Exercise directions →
Please set down exactly the lines of the listing below from the line containing "Schwarz Gebraucht 2008" through the line containing "300 e Business", both lines included, leaving out all other lines.
Data shown START
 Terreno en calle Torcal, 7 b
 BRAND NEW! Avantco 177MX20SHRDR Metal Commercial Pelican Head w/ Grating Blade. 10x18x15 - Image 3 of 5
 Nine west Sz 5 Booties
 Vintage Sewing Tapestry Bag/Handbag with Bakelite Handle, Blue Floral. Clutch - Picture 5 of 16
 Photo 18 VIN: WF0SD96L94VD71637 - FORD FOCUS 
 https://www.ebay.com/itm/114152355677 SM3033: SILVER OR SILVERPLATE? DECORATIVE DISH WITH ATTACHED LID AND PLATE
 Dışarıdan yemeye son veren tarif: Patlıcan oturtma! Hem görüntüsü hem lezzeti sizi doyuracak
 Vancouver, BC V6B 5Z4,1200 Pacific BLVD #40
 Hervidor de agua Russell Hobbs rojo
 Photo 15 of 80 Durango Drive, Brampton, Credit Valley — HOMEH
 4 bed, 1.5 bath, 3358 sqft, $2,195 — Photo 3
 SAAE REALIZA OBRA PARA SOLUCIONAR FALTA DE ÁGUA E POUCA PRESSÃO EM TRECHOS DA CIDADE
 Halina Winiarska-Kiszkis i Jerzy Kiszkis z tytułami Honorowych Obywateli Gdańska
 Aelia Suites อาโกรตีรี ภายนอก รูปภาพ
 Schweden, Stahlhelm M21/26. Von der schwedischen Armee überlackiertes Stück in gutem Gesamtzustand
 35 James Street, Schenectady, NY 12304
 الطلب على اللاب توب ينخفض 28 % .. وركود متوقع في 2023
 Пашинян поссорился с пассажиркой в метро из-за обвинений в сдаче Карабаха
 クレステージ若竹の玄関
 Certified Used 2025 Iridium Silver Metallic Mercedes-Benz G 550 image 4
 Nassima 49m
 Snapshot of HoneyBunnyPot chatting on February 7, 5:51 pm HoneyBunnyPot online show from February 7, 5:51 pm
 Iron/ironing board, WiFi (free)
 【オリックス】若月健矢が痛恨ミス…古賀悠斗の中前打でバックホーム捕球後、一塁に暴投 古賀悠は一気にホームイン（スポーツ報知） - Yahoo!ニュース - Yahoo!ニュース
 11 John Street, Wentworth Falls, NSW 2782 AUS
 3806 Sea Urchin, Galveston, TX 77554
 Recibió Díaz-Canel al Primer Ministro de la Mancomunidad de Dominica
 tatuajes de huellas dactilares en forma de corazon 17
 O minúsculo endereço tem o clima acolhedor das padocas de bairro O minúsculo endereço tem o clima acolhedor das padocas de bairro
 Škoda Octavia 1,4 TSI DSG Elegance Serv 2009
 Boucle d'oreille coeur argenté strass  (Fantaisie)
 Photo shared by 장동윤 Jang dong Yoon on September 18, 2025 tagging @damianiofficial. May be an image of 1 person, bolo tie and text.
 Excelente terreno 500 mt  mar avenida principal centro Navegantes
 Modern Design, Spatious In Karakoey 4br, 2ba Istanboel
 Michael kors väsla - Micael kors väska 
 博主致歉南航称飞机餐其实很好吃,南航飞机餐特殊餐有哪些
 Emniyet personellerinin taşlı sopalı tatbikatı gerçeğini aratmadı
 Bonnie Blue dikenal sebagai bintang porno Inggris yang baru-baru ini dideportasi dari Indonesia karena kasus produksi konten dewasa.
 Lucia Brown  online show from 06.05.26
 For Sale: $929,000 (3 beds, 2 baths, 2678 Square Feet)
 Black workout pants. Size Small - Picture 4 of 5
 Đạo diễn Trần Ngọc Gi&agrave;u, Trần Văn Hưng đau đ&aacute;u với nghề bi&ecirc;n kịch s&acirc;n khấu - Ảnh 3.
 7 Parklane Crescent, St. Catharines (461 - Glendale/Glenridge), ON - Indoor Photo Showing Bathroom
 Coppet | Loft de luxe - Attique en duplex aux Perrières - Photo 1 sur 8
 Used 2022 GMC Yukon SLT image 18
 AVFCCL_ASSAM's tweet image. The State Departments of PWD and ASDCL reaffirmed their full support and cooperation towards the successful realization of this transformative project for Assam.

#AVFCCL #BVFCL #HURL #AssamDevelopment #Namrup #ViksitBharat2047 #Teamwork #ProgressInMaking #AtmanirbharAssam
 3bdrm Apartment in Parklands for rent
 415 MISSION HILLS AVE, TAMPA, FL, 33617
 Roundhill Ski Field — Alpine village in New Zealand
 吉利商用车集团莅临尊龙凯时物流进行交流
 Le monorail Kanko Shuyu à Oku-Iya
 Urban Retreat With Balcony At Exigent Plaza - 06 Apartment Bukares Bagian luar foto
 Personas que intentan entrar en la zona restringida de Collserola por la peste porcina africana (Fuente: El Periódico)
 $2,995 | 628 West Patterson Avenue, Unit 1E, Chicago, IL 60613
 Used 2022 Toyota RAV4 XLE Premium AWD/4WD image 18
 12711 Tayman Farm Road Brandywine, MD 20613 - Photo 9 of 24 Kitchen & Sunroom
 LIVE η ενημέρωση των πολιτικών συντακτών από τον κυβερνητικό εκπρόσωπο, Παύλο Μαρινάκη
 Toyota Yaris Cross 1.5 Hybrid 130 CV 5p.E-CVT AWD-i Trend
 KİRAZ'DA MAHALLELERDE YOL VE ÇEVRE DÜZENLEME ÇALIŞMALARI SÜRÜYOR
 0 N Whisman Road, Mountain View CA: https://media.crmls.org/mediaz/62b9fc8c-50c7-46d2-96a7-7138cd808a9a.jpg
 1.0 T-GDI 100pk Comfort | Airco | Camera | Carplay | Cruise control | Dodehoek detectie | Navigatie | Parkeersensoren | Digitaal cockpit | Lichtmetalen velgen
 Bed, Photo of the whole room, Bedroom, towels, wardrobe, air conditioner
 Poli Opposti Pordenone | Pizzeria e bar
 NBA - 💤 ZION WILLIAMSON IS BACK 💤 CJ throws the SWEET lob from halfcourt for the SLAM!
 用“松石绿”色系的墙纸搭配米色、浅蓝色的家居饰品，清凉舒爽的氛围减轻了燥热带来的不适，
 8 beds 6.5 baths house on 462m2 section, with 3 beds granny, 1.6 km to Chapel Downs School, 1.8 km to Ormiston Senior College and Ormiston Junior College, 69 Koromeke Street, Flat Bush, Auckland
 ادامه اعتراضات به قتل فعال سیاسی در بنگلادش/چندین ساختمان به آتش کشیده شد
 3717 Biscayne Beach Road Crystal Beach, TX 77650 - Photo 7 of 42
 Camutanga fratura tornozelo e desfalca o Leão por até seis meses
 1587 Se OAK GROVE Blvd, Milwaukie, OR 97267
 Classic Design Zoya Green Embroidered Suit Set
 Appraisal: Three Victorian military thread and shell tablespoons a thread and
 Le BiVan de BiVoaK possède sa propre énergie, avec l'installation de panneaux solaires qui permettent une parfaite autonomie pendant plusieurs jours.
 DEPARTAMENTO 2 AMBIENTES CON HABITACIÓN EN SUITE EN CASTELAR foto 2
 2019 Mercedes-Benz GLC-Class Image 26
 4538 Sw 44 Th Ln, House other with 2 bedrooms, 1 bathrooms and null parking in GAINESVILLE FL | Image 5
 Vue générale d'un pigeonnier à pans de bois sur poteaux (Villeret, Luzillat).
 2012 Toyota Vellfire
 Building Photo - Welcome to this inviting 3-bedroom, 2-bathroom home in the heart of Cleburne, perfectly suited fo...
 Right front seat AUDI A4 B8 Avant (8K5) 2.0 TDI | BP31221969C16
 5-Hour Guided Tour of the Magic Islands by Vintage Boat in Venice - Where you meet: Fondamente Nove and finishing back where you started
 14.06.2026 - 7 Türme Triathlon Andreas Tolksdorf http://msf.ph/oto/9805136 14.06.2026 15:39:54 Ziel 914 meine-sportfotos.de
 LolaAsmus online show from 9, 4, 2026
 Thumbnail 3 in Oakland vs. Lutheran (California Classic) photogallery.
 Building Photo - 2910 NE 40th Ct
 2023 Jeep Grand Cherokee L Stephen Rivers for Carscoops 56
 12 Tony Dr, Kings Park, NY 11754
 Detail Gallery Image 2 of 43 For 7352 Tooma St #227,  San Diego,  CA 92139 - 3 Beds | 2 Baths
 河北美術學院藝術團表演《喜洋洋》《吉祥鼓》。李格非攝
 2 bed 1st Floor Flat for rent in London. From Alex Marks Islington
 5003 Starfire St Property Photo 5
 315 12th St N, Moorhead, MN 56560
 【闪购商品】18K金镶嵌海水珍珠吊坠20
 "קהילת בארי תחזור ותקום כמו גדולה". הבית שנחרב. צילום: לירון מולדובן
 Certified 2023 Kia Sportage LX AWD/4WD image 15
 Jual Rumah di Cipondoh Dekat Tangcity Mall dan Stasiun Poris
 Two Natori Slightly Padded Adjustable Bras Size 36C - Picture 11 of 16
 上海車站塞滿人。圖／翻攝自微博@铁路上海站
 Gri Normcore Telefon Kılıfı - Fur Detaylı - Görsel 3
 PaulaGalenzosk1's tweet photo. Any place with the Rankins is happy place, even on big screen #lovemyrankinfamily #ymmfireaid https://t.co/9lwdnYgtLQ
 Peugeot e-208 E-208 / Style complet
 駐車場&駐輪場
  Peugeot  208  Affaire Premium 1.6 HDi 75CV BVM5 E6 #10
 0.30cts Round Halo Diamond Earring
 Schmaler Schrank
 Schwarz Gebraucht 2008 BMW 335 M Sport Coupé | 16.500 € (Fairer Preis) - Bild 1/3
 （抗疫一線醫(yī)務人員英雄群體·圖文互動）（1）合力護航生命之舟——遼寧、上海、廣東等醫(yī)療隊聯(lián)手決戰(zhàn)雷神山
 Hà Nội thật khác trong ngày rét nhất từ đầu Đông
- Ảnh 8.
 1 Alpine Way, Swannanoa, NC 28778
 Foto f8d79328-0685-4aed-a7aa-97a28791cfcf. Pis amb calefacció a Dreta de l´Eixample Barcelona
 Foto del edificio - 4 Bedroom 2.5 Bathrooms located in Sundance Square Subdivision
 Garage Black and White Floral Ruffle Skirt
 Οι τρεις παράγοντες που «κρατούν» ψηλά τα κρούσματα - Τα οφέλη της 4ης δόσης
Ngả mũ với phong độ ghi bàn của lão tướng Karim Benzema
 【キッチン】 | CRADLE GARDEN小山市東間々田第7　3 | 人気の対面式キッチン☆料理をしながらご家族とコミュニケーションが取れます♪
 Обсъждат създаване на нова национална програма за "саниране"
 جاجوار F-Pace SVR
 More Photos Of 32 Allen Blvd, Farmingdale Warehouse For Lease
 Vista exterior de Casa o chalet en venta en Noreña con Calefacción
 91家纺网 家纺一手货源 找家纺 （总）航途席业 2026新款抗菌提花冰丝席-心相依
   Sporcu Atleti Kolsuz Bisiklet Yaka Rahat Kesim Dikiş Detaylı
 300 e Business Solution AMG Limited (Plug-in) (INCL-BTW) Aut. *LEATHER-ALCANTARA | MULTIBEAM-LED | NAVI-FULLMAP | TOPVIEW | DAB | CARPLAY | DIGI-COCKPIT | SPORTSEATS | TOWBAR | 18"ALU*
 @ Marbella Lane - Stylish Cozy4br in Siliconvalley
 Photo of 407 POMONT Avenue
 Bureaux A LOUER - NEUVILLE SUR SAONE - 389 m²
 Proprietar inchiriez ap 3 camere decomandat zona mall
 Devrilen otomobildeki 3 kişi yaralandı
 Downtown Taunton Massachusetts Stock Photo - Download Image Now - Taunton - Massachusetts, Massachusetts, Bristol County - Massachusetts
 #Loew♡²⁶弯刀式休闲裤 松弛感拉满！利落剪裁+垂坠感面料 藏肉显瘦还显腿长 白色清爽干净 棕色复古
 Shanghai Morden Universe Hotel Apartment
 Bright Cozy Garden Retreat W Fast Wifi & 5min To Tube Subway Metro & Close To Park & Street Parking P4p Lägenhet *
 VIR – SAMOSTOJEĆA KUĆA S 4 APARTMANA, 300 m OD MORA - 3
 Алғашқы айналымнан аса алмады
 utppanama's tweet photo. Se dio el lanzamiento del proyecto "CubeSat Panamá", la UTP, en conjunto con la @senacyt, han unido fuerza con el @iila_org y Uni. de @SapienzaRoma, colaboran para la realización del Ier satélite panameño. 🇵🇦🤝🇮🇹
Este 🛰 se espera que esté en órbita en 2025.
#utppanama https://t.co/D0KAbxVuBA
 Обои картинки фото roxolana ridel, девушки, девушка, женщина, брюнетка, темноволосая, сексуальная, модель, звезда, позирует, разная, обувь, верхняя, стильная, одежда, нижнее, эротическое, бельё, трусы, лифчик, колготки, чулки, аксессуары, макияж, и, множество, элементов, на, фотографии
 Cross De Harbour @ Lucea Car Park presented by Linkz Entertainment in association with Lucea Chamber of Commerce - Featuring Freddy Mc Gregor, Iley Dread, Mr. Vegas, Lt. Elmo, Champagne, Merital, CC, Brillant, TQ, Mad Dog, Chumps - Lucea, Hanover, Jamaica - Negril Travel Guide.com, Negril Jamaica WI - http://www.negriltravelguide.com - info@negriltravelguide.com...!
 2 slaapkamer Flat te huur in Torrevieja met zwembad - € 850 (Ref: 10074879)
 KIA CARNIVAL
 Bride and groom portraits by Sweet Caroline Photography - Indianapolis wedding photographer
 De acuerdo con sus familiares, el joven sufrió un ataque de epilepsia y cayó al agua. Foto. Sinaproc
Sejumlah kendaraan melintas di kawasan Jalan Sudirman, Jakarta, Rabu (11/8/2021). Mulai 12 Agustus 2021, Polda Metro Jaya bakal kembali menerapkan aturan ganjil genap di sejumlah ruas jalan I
Data shown END
Task solution →
 Schwarz Gebraucht 2008 BMW 335 M Sport Coupé | 16.500 € (Fairer Preis) - Bild 1/3
 （抗疫一線醫(yī)務人員英雄群體·圖文互動）（1）合力護航生命之舟——遼寧、上海、廣東等醫(yī)療隊聯(lián)手決戰(zhàn)雷神山
 Hà Nội thật khác trong ngày rét nhất từ đầu Đông
- Ảnh 8.
 1 Alpine Way, Swannanoa, NC 28778
 Foto f8d79328-0685-4aed-a7aa-97a28791cfcf. Pis amb calefacció a Dreta de l´Eixample Barcelona
 Foto del edificio - 4 Bedroom 2.5 Bathrooms located in Sundance Square Subdivision
 Garage Black and White Floral Ruffle Skirt
 Οι τρεις παράγοντες που «κρατούν» ψηλά τα κρούσματα - Τα οφέλη της 4ης δόσης
Ngả mũ với phong độ ghi bàn của lão tướng Karim Benzema
 【キッチン】 | CRADLE GARDEN小山市東間々田第7　3 | 人気の対面式キッチン☆料理をしながらご家族とコミュニケーションが取れます♪
 Обсъждат създаване на нова национална програма за "саниране"
 جاجوار F-Pace SVR
 More Photos Of 32 Allen Blvd, Farmingdale Warehouse For Lease
 Vista exterior de Casa o chalet en venta en Noreña con Calefacción
 91家纺网 家纺一手货源 找家纺 （总）航途席业 2026新款抗菌提花冰丝席-心相依
   Sporcu Atleti Kolsuz Bisiklet Yaka Rahat Kesim Dikiş Detaylı
 300 e Business Solution AMG Limited (Plug-in) (INCL-BTW) Aut. *LEATHER-ALCANTARA | MULTIBEAM-LED | NAVI-FULLMAP | TOPVIEW | DAB | CARPLAY | DIGI-COCKPIT | SPORTSEATS | TOWBAR | 18"ALU*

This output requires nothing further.